Instructions to follow – Give again, exactly as written, each line of the material below starting at the line that contains "Obaku Denmark V197LXVLML" and ending at the line that contains "Gretsch G5232T Electromatic". Both ends count, and no other line does.

Input for this task –
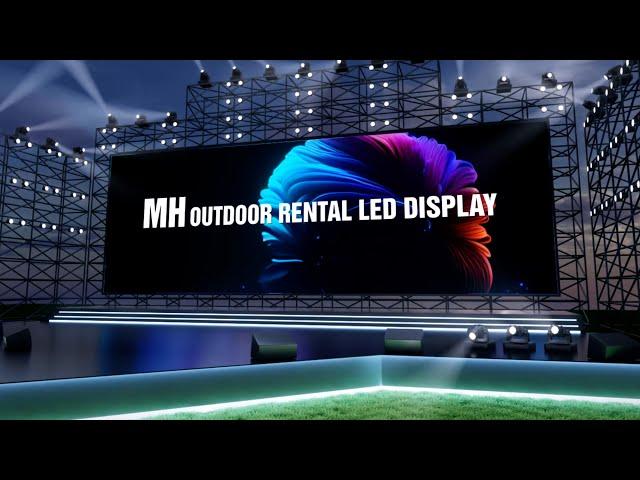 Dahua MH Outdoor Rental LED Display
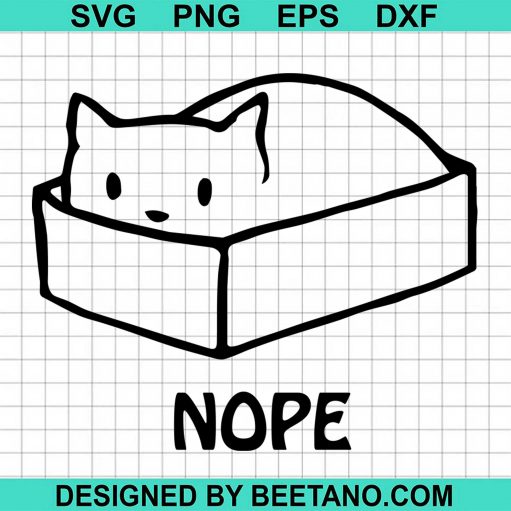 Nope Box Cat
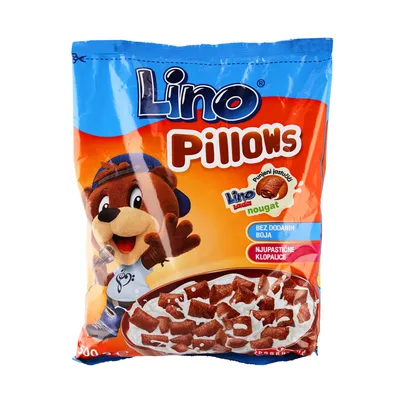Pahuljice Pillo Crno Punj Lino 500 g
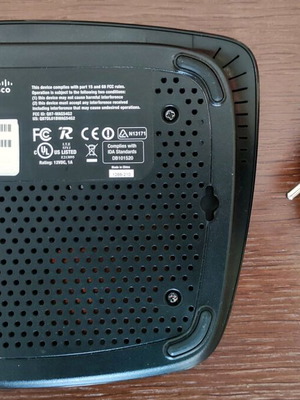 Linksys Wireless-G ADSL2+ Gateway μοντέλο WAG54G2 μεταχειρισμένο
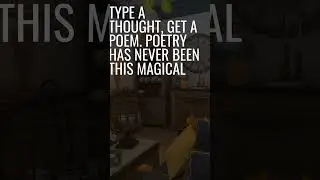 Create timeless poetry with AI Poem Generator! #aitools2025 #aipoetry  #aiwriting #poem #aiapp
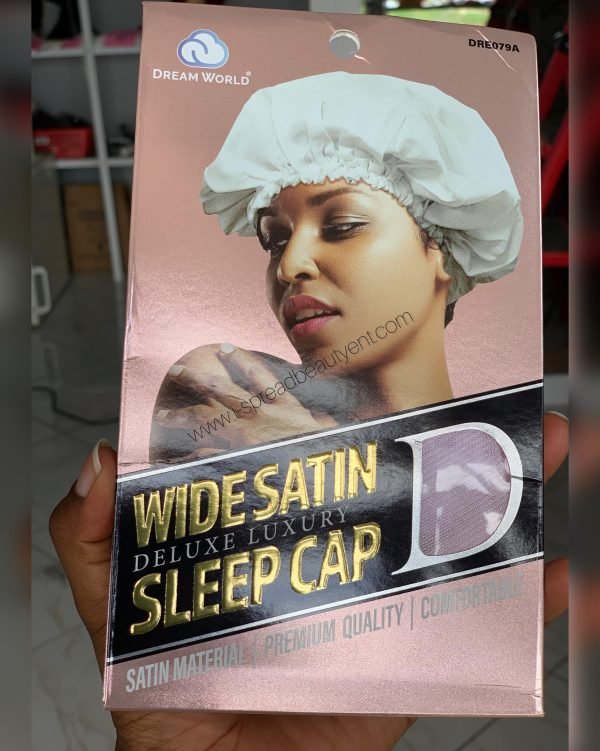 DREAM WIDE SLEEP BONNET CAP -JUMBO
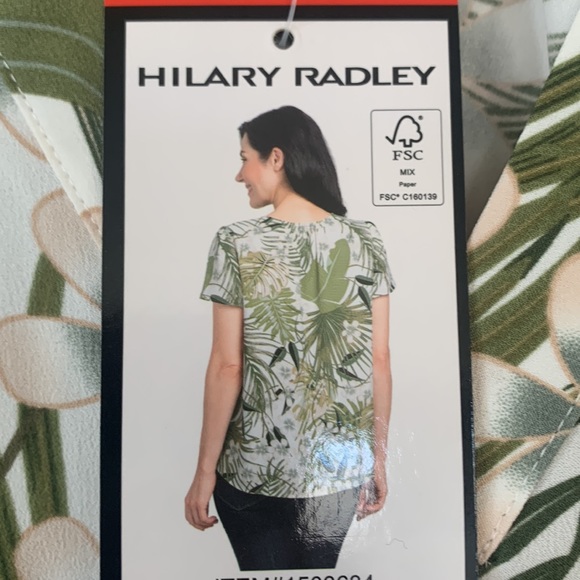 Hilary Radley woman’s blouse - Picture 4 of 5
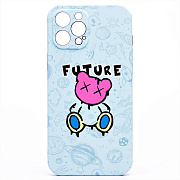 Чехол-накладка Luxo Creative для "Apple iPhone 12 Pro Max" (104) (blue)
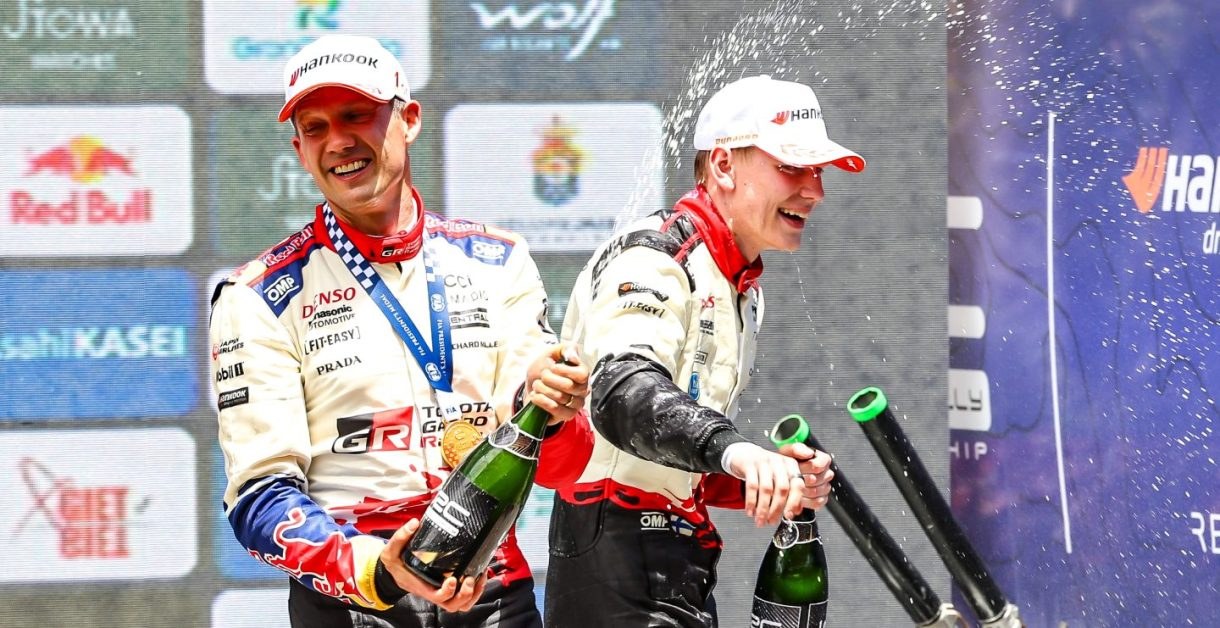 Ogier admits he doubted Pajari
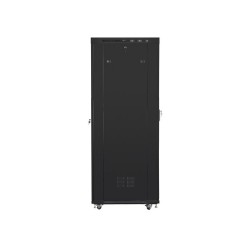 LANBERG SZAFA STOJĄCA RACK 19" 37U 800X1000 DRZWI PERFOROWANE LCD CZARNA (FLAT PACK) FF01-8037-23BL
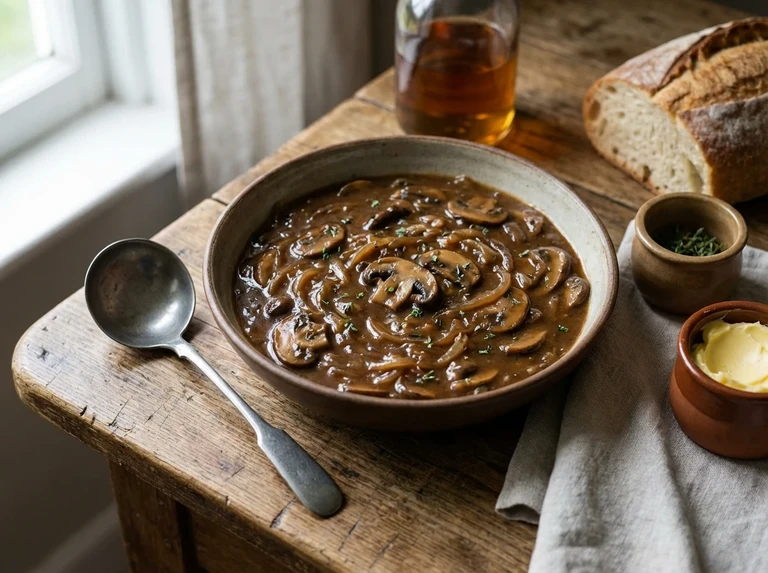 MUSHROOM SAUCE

--

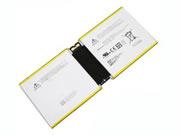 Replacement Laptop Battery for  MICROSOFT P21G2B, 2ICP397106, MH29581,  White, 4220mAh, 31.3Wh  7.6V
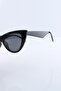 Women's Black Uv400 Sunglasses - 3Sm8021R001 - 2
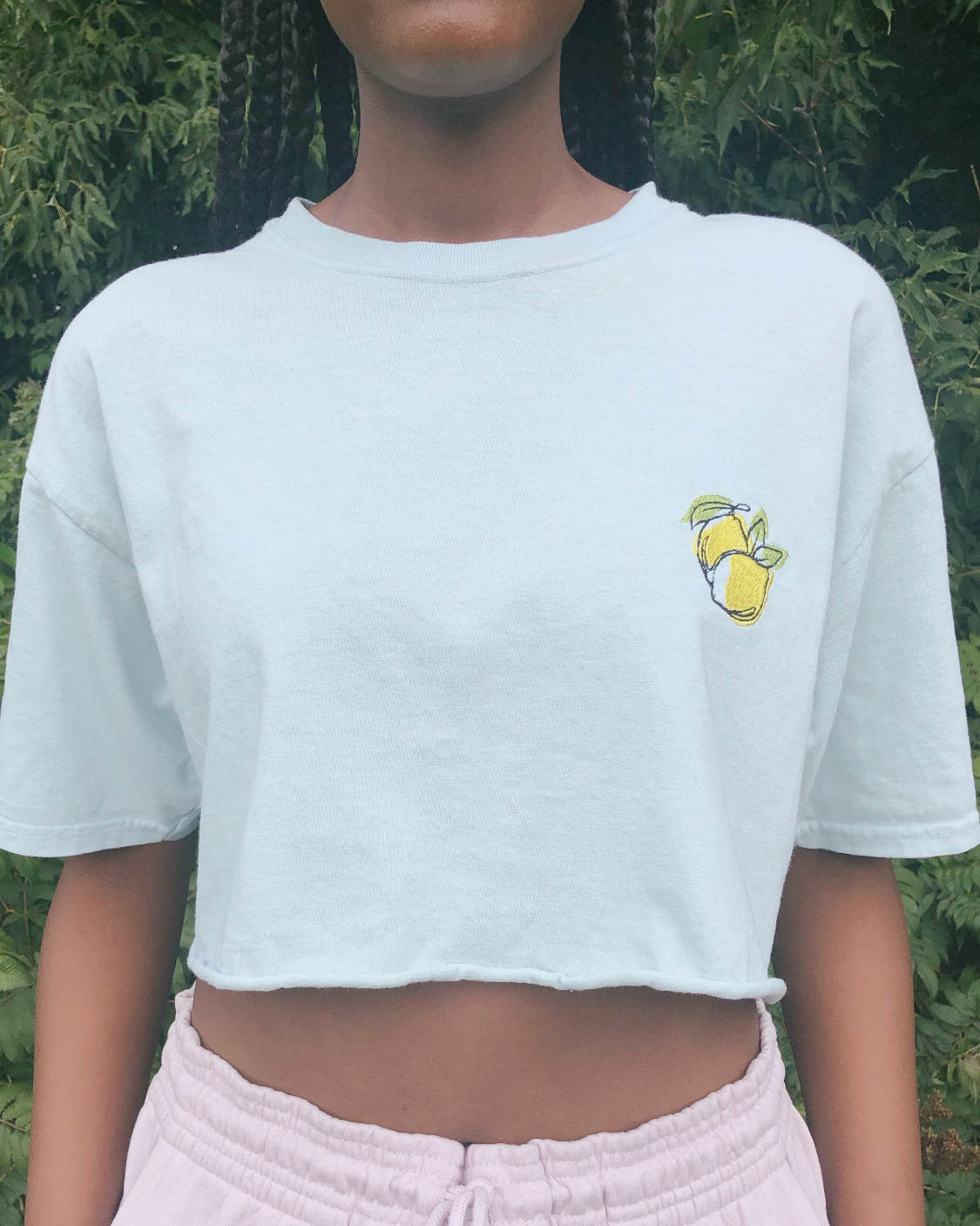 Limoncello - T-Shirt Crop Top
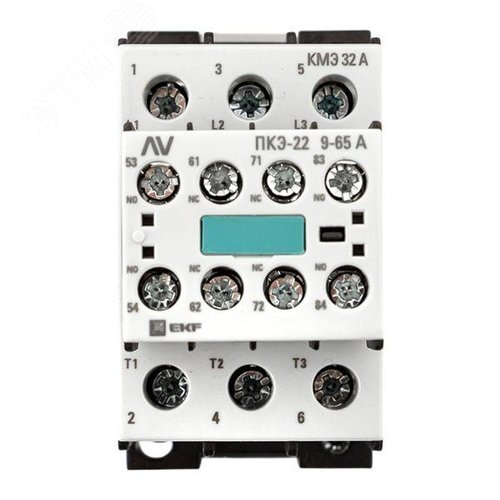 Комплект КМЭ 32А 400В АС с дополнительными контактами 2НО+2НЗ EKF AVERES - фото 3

==

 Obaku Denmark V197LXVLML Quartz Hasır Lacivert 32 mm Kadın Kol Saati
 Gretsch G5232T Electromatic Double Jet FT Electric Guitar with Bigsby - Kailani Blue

Solution –
 Obaku Denmark V197LXVLML Quartz Hasır Lacivert 32 mm Kadın Kol Saati
 Gretsch G5232T Electromatic Double Jet FT Electric Guitar with Bigsby - Kailani Blue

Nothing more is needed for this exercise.